Although spontaneous tolerance after liver transplantation can be achieved in immunosuppression withdrawal studies, its broad application is limited by the lack of knowledge about the mechanism of tolerance, markers for tolerance, and therefore the lack of rational targets for immune induction therapy to increase the rate of tolerance. To address these gaps, we developed the only nonhuman primate liver transplant model in the United States. Preliminary data in rodent, human, and our primate liver transplant model indicate that memory CD8 T cells are the greatest barrier to tolerance after stopping immunosuppression. We now propose to control the response of memory cells by early deletion or by regulation at the time of immunosuppression withdrawal. Our long-term goal is to develop clinically-applicable protocols for tolerance induction early after liver transplant and to define the mechanism by which tolerance develops. Our central hypothesis is that control of anti-donor CD8 T cells through deletion or regulation will lead to stable graft function with normal histology after immunosuppression withdrawal. The rationale for defining the immune response to liver transplants is that this will allow us to optimize immune induction for immunosuppression withdrawal. The proposed research is innovative because it utilizes a translational animal model to develop a clinically-applicable tolerance induction protocol. It will also use innovative techniques to characterize the donor-specific immune response to liver transplants, and the interaction of graft-infiltrating lymphocytes and recipient antigen-presenting cells.

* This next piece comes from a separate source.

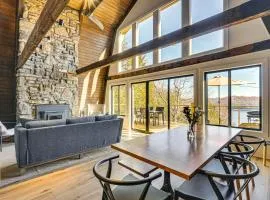 Fish, Swim and Kayak Spacious Beaver Lake Home!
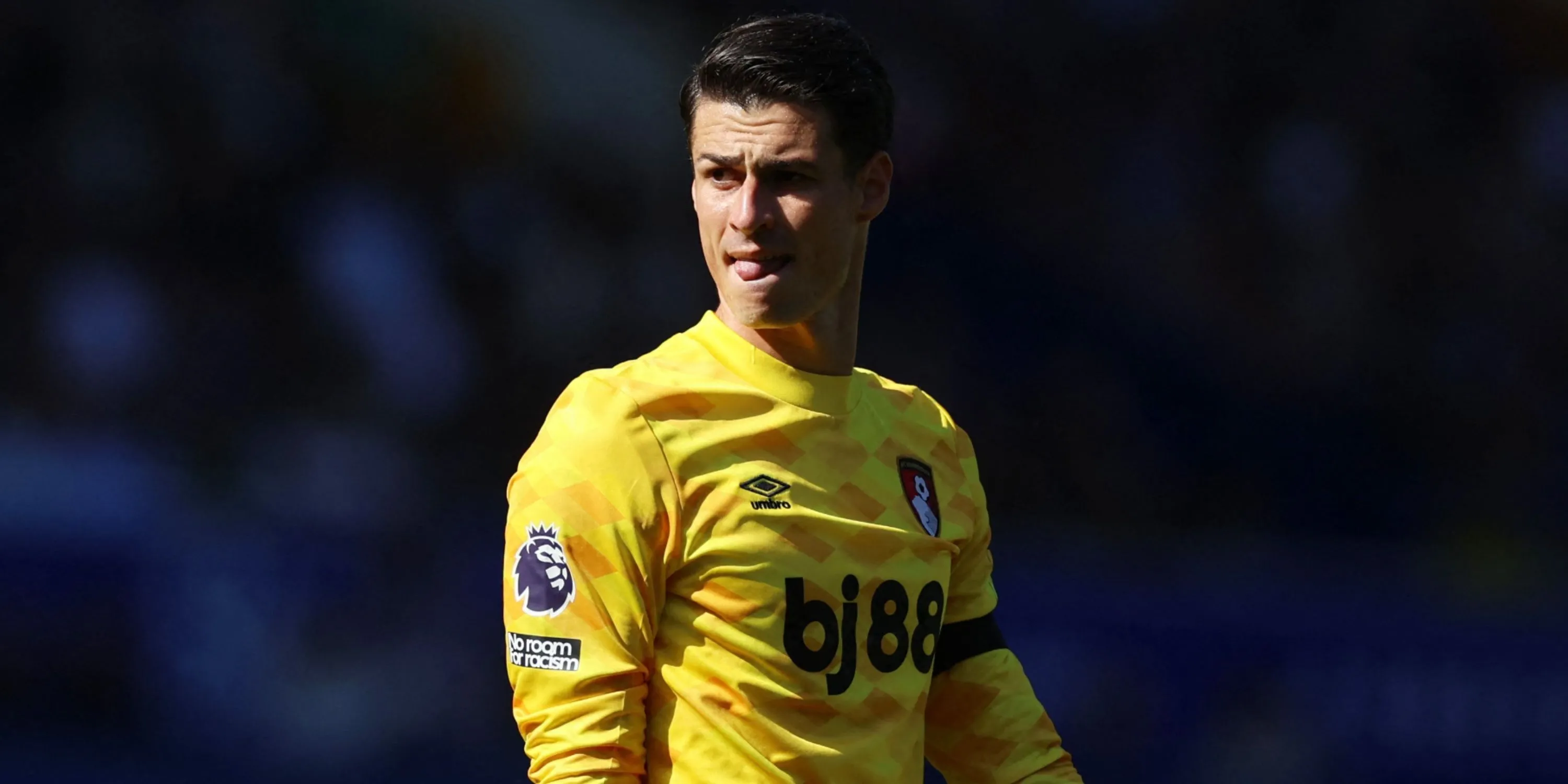 Thủ môn Kepa Arrizabalaga trong màu áo Bournemouth, một trong những cầu thủ hưởng lương cao nhất tại câu lạc bộ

In Aim 1, we will test the ability of targeted memory T-cell depletion at the time of transplant to reduce donor-specific T-cell responses and thus lead to tolerance. We will also test the ability of ex vivo expanded donor-specific Tregs given at the time of immunosuppression withdrawal to suppress alloresponses. Finally, we will perform control transplants that receive standard clinical immunosuppression prior to early withdrawal to ensure our interventions are achieving their hypothesized results.
In Aim 2, we will adapt our laboratory's high-throughput TCR sequencing platform to the cynomolgus model to track donor-reactive effector and regulatory T-cell clones after transplant. Since mouse studies suggest the liver participates in tolerance induction by inducing anergy or apoptosis of T cells, we will also digest transplanted liver wedge biopsies to isolate and characterize graft-infiltrating T cells and APCs to determine if (and how) the liver promotes tolerance. These mechanistic studies will have a positive impact by revealing potential biomarkers of tolerance that could be used to withdraw immunosuppression on patients currently maintained on standard medications. They will also allow us to refine our induction protocol to minimize toxicities. Upon successful completion of the proposed research, we expect to have developed a tolerance induction regimen that can be rapidly translated to a clinical trial and to have gained insight into the mechanisms that contribute to rejection and tolerance. These achievements would be significant as successful withdrawal of immunosuppression early after liver transplantation would result in improved patient survival and quality of life.
The proposed research is relevant to human health since, although liver transplantation is the only treatment for end-stage liver disease, transplant outcomes are limited by rejection, infection, increased risk of cancer and toxicity related to immunosuppressive medications. This project uses novel strategies to induce and define the mechanism of tolerance to liver transplants in our unique nonhuman primate liver transplant model. This project is relevant to NIAIDs mission as it seeks to develop a clinically-applicable tolerance induction protocol and to define the contributions of deletion and regulation to the overall immune response that occurs following liver transplantation.